Sometimes it was comical. In those days we ate like the Chinese and
looked like American soldiers. When I was a boy clothing was all prepared
at home. I think we got into boughten clothes pretty heavy when the federal
term of office changed(9) and they started
to buy clothes for the Indians from government surplus. They bought surplus
clothes and they distributed them amongst the Indians. I remember in nineteen-eight --
seven or eight -- that they shipped in a bunch of clothes -- surplus army
clothes. They gave us wool clothes. They gave us rubbers -- overshoes -- and
everything. We were doing good. We all wore soldiers' clothes -- army clothes. With our old clothes we often wouldn't dry off -- maybe -- because we didn't always have a change of clothes -- probably. Yup.
But after a while, when the army surplus clothing was given to the Indian,
we would have a change of clothes, and we could dry off when we got wet.
But in those days they all still trapped and made clothes, and they all did well. They got food rationing from the federal government, and they bought us army clothes from surplus. Those Indians looked like a whole bunch of soldiers, but they were warm clothes.

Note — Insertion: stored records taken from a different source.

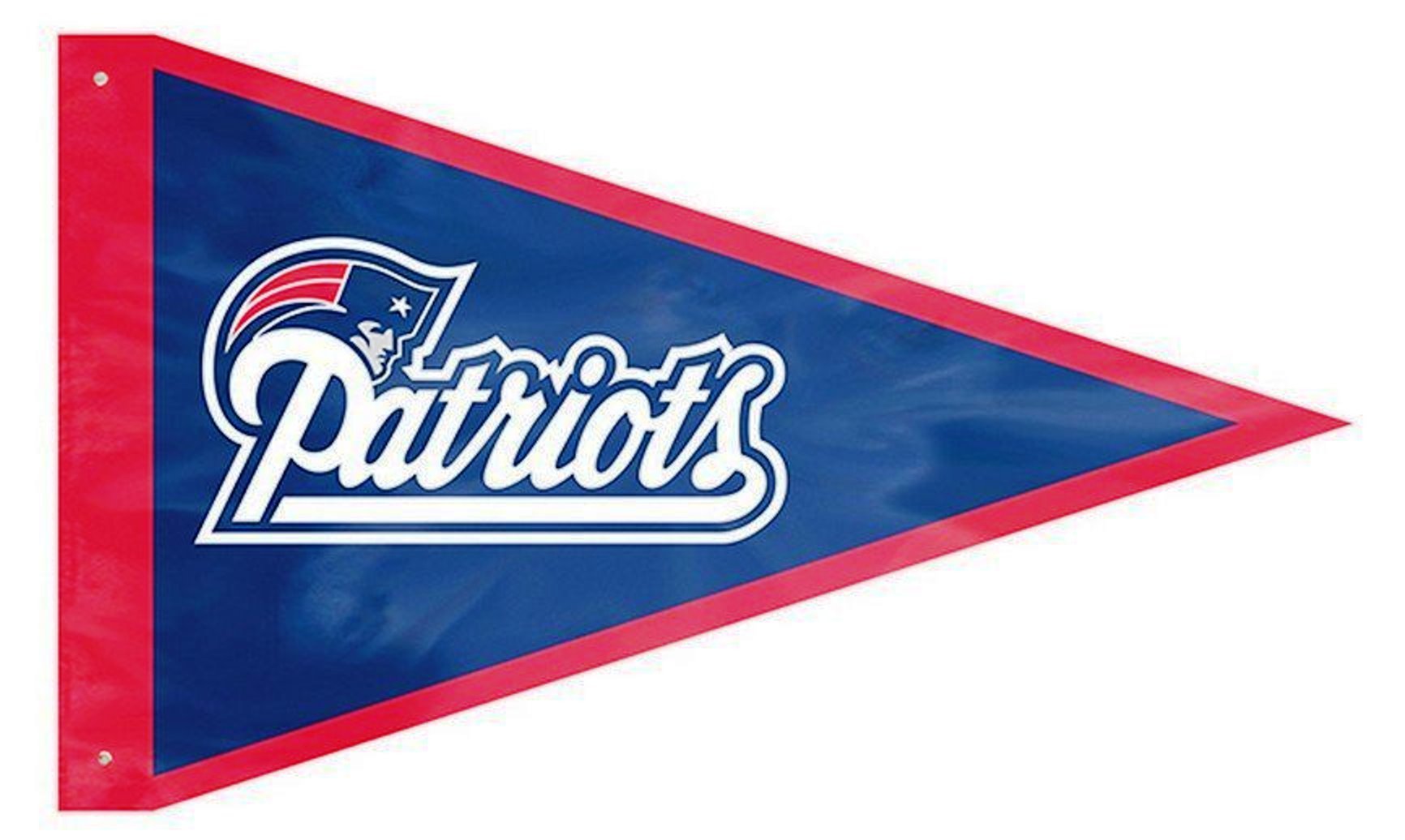 New England Patriots Giant 3x5 Flag Banner Pennant Style Embroidered 1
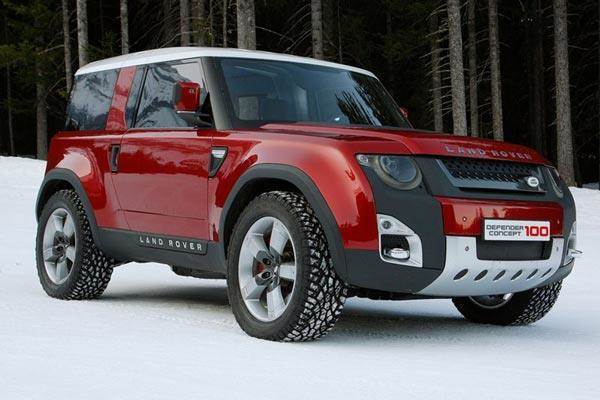 New Land Rover Defender will be brand's most high-tech car yet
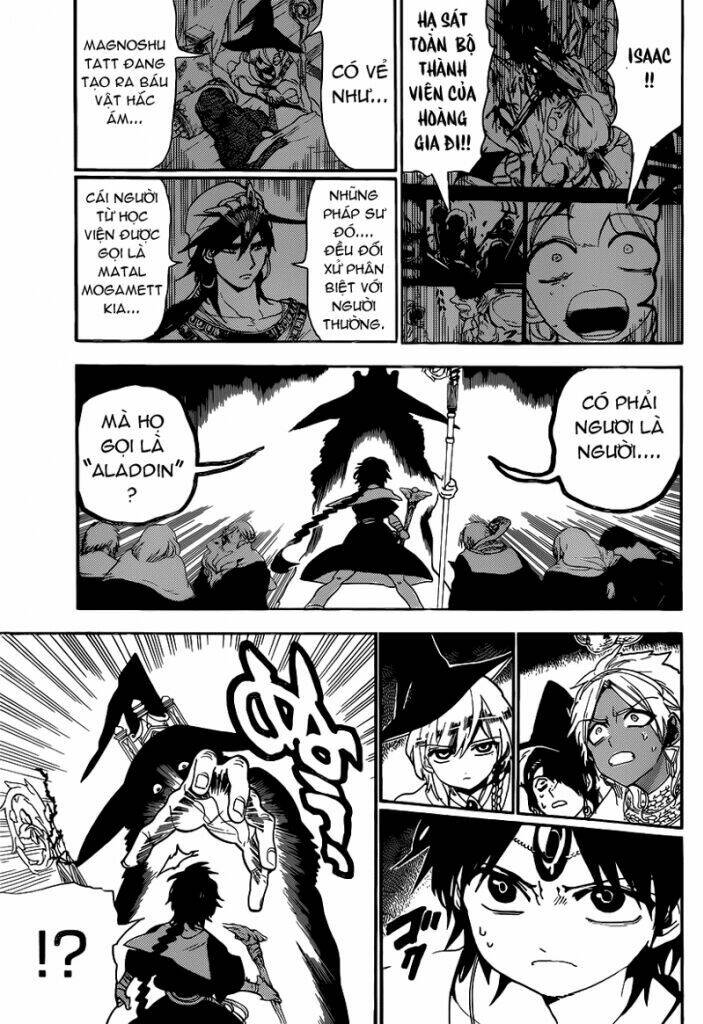 mê cung pháp thuật chapter 150 10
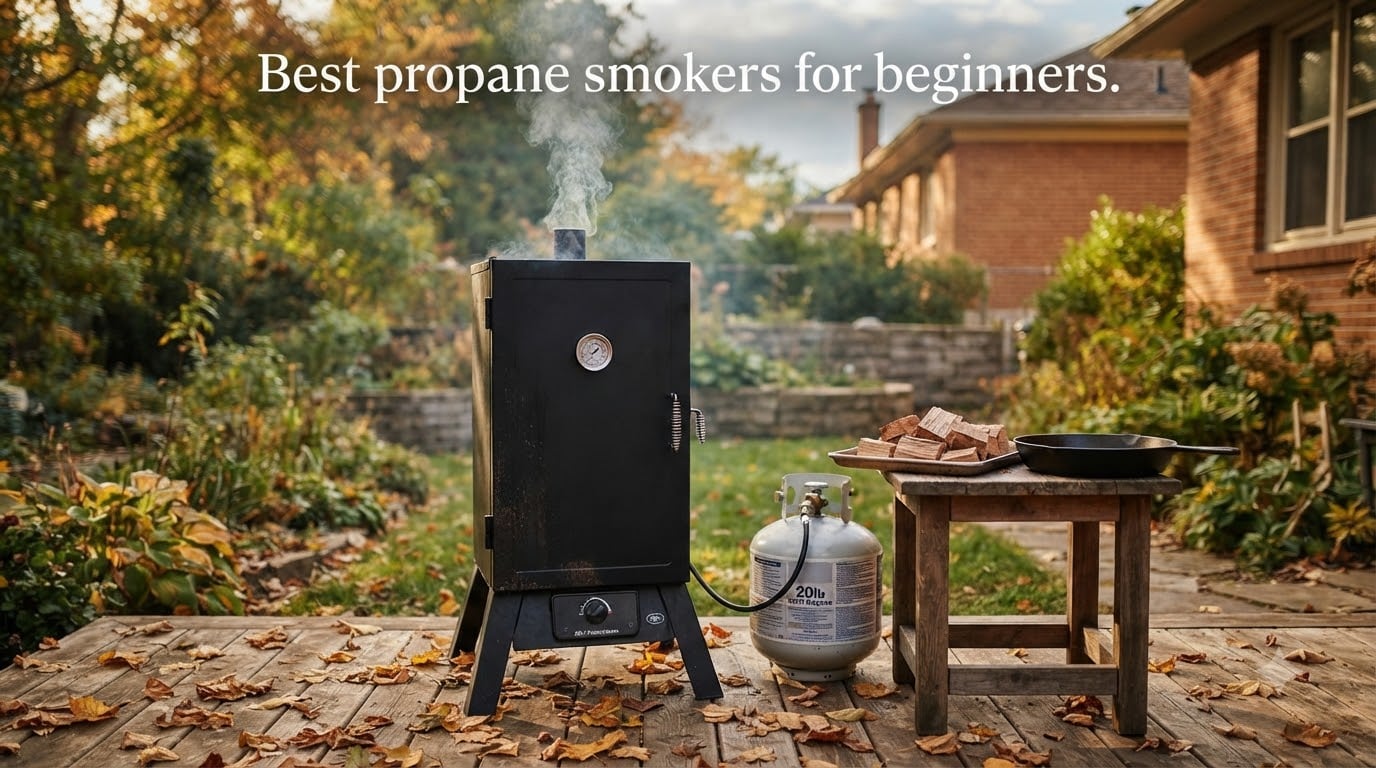Best propane smokers for beginners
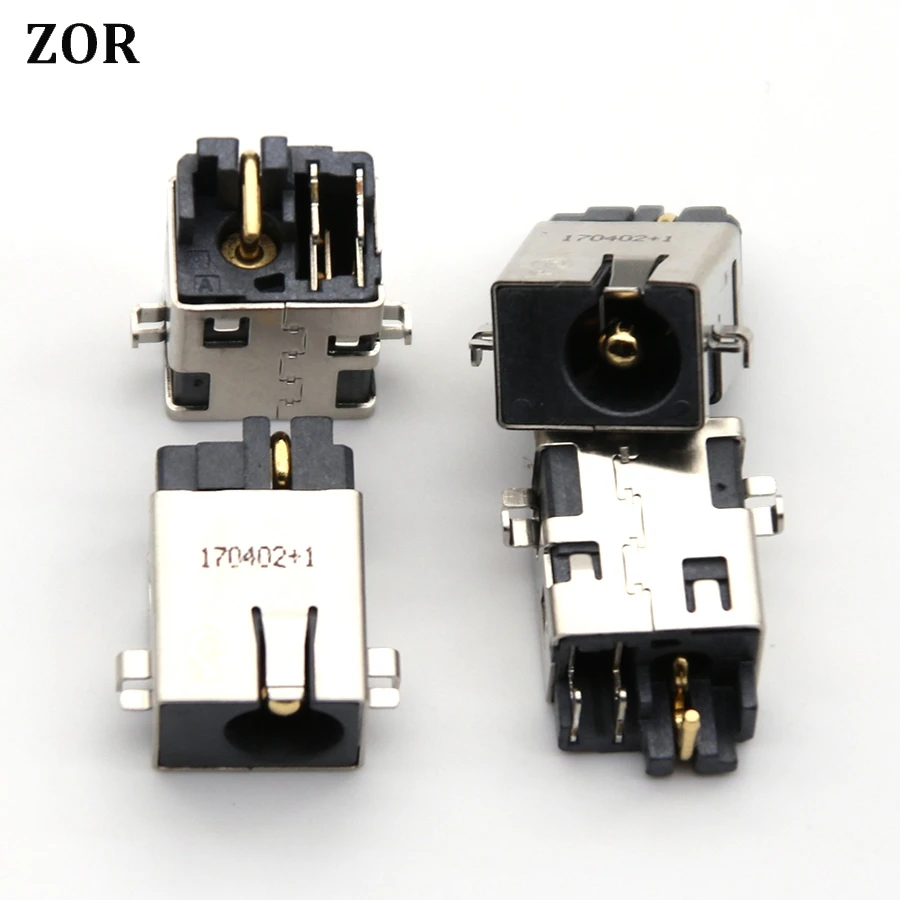 50pcs Laptop dc power jack For ASUS X301 X301A X301A1 X401 X401A X402 X402C X402CA X502 X502CA DC jack connector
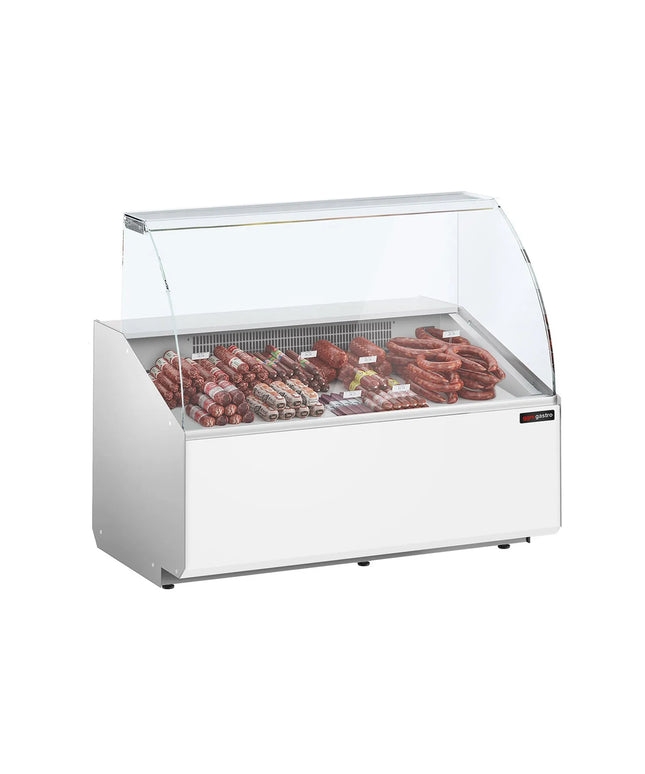 GGM Gastro Serve Over Counter - 1256x979mm - front panel white - capacity 262 litres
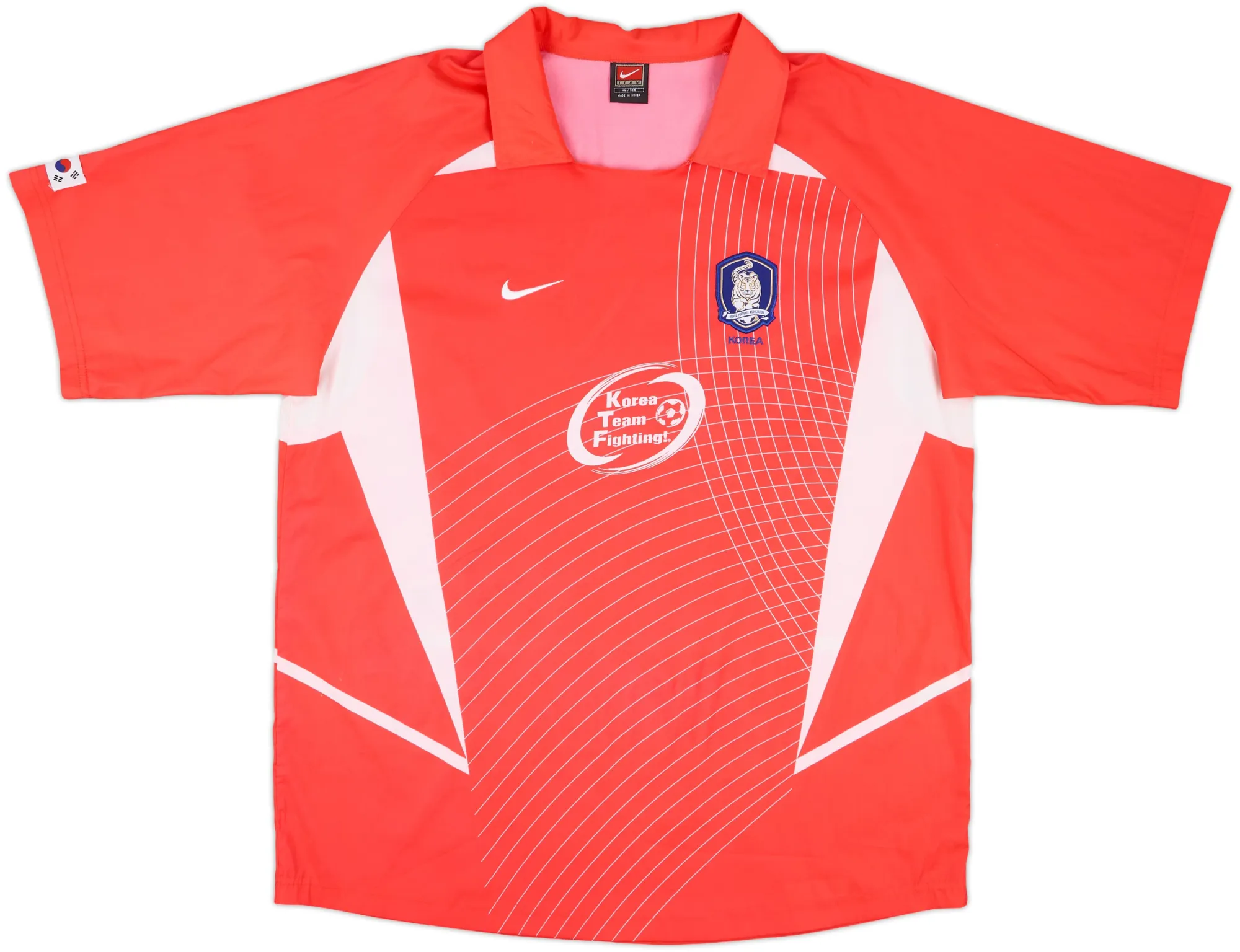 Nike South Korea Mens SS Home Shirt 2002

That kept up the Indian. So, we didn't have a hard time -- much -- because the federal took care of us from away back. The federal government knew what he was doing for the Indians, so we respected that. I think we had a good federal president, a good federal government; that helped the Indian lots. Believe it or not. . . . Boy! . . . I've seen them do it. The warehouse supply would come, and that was through federal funds. We got rations that way too.
And if we needed wood, they saw that we got wood. The young men always cut wood, and the whites and the Indian women went and helped cut wood too. And there was wood close by to the camp, and that's why they camped there.(10)
So that's the way we survived.
That was a good deal.
When the white people came in, they weren't so rough as you might think! No! And they had to pay for their expenses too.
Later on in years they gave us enough for tar paper to build our housing. Well, in some places they gave you the money to buy tar paper -- if you're trusted -- and you buy the tar paper yourself. You'd go to any store and buy your own tar paper.
By then we had commercial buildings with stores for builders -- where people wanting to build something could get supplies. Flemming was the one that supplied our tar paper in Bena, although sometimes they just gave us the tar paper. If we wanted it, they'd deliver it.
Later on, as I remember -- when I got home from the Tower school -- John Richardson -- or Wickerson -- was the distributor man in the warehouse for the federal government ration program. He took care of the warehouse. That was about 1913, 1914. That was thirteen! -- thirteen. I came home from school in 1912. I was there three years. So that must have been 1913. It was twelve or thirteen; ya.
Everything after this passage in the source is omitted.